A WEALTHY businessman bought a remote, marshy, nearly pristine island on the Nanticoke River in 1999 where he planned to hunt and fish.
Clearing and developing the land were strictly prohibited by a variety of state, county and federal laws intended to protect the delicate shoreline of the Chesapeake Bay. But he proceeded anyway, without permits and in secret, to construct a six-building camp -- even digging an illegal well for kitchen and toilet facilities.
Most anyone who has ever struggled to follow the rules of living near the bay -- the farmers, the watermen, the developers, the homeowners -- would expect such a flagrant scofflaw to have the book thrown at him. Most anyone who saw reports last week of fish and crabs literally choked to death in vast sections of the bay because of pollutants -- coming in significant measure from overdevelopment near sensitive shorelines -- would be especially eager to see bay protections enforced.
That's what should have happened, but didn't. In fact, quite the contrary.
Overturning two lower court decisions, Maryland's Court of Appeals ruled recently that Wicomico County officials failed to document the specific harm that Edwin H. Lewis' hunting compound would cause the environment, and effectively directed the county zoning board to grant him the necessary permits after the fact.
Ramifications of this decision, rendered by a 4-3 majority of the state's highest court, extend far beyond the fate of little Phillips Island. The ruling not only signals that there's no penalty for unlawful behavior, it shifts the burden to the government to prove in each case why laws intended to protect the general public should be enforced.

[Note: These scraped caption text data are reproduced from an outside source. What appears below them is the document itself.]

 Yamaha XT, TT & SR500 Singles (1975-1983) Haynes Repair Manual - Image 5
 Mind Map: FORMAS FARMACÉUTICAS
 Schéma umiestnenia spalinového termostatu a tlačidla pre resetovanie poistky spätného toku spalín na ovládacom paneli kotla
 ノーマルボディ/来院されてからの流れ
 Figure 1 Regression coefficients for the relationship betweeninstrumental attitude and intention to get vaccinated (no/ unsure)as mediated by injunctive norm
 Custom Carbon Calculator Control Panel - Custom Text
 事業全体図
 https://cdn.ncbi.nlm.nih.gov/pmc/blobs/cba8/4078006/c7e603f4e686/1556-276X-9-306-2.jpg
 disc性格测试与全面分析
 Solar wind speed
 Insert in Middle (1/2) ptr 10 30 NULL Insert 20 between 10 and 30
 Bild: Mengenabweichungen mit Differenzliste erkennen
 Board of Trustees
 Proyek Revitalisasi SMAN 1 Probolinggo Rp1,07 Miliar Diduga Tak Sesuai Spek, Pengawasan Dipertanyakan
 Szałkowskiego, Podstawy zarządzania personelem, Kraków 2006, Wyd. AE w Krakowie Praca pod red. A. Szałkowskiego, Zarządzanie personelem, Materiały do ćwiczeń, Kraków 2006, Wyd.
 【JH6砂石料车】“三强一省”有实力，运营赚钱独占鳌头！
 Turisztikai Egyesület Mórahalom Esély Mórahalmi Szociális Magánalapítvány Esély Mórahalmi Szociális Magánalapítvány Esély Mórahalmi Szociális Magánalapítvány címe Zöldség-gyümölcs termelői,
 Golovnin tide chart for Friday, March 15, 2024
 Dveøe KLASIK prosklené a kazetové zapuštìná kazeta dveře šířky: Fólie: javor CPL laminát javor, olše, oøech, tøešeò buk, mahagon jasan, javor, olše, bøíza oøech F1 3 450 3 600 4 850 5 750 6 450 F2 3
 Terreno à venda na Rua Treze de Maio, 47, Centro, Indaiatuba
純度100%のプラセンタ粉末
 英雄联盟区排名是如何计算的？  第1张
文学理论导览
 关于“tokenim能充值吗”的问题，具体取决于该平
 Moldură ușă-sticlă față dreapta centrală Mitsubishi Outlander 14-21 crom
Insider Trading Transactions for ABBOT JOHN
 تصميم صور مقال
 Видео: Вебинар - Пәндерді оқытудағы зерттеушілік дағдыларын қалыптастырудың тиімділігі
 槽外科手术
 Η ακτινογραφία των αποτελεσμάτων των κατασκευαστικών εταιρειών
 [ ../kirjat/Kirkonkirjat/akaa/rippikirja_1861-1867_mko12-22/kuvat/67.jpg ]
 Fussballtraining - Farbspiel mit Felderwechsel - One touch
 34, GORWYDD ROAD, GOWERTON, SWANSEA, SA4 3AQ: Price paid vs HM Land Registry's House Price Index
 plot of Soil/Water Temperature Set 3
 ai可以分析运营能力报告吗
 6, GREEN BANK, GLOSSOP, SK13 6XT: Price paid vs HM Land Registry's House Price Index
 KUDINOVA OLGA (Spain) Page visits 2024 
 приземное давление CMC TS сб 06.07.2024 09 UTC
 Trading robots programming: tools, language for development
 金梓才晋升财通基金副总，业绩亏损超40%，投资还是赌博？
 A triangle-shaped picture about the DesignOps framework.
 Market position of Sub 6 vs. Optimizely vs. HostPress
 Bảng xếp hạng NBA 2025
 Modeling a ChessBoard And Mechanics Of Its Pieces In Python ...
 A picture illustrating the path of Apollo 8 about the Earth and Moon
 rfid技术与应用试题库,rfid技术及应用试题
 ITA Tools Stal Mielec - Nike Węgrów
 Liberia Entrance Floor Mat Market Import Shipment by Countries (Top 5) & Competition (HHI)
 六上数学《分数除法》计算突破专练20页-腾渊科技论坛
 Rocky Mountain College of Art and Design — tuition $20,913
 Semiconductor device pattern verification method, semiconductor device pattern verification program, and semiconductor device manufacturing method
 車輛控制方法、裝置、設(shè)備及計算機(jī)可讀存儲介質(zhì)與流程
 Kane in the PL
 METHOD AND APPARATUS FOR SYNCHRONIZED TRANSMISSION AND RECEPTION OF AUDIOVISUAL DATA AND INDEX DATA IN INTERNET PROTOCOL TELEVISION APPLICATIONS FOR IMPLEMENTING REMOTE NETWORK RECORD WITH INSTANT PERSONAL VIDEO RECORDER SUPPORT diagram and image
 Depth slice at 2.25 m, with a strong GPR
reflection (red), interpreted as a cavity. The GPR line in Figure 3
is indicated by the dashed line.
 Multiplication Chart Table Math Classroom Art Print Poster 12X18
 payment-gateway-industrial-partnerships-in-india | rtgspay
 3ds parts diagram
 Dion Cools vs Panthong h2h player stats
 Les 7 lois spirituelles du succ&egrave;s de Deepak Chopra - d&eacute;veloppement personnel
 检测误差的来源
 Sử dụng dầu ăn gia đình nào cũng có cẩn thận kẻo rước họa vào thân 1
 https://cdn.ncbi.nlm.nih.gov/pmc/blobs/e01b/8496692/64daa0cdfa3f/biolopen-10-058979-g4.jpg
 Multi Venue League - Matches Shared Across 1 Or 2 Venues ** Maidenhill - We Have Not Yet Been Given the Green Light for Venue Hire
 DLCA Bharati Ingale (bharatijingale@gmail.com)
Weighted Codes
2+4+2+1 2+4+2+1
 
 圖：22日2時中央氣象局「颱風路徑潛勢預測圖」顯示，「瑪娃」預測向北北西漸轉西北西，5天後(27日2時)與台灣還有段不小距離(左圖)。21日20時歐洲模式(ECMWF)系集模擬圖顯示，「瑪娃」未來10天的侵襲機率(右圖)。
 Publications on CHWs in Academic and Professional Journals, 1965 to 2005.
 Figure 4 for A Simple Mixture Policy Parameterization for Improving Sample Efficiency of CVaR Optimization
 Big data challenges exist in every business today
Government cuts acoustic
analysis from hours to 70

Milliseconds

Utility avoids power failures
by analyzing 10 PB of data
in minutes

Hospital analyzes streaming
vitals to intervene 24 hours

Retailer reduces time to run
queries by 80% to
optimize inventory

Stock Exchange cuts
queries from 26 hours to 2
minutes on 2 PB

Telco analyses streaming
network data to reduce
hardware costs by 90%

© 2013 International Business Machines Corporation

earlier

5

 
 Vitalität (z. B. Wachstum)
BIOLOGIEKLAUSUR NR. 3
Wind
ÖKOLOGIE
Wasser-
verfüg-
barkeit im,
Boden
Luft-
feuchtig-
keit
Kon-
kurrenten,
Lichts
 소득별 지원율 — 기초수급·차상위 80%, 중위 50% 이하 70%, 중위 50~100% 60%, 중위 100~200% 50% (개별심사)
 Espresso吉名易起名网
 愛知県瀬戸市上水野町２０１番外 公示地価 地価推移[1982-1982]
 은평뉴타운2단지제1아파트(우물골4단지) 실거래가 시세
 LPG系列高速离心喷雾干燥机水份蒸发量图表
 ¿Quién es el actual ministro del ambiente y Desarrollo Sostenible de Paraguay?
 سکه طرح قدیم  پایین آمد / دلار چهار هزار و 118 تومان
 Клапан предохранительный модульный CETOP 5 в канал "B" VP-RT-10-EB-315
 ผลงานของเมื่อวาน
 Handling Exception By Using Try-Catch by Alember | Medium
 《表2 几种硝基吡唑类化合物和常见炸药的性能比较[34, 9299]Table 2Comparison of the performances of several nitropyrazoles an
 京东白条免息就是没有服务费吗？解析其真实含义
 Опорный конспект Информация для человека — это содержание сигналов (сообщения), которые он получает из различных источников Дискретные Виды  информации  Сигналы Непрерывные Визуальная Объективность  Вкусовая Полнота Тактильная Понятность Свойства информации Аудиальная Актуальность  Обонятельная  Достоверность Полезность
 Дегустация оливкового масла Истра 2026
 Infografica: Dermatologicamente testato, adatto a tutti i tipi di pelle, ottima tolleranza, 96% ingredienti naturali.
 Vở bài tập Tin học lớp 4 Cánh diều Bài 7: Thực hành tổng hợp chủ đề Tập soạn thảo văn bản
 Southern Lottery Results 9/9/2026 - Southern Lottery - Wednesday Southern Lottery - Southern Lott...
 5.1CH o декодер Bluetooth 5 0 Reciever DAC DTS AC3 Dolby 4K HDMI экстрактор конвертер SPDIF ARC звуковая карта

In so doing, the court gutted the 1984 Critical Area law that restricts development in buffer zones along the shores of the bay and its tributaries. It is based on the General Assembly's finding that the "the cumulative impact" of such development damages water quality and wildlife habitat.
"In its inexplicable effort to allow property owners such as (Mr.) Lewis to do whatever they wish on environmentally sensitive property, without regard to legal constraints or public policy, the court throws established principles of administrative law to the wind," wrote Judge Alan M. Wilner in his dissent. "It is not only wrong in this case, but sets a most unfortunate precedent."
Martin G. Madden, chairman of the Critical Areas Commission, is so alarmed he plans to ask the court to reconsider the decision, or at least narrow its scope.
If the court refuses, the General Assembly, which just two years ago reaffirmed its intent to curb development in the critical areas, will have to act again, perhaps with provisions that apply retroactively.
The bay watershed desperately needs more protection, not less. And if relief doesn't come fast, Mr. Lewis won't find anything left to fish or hunt.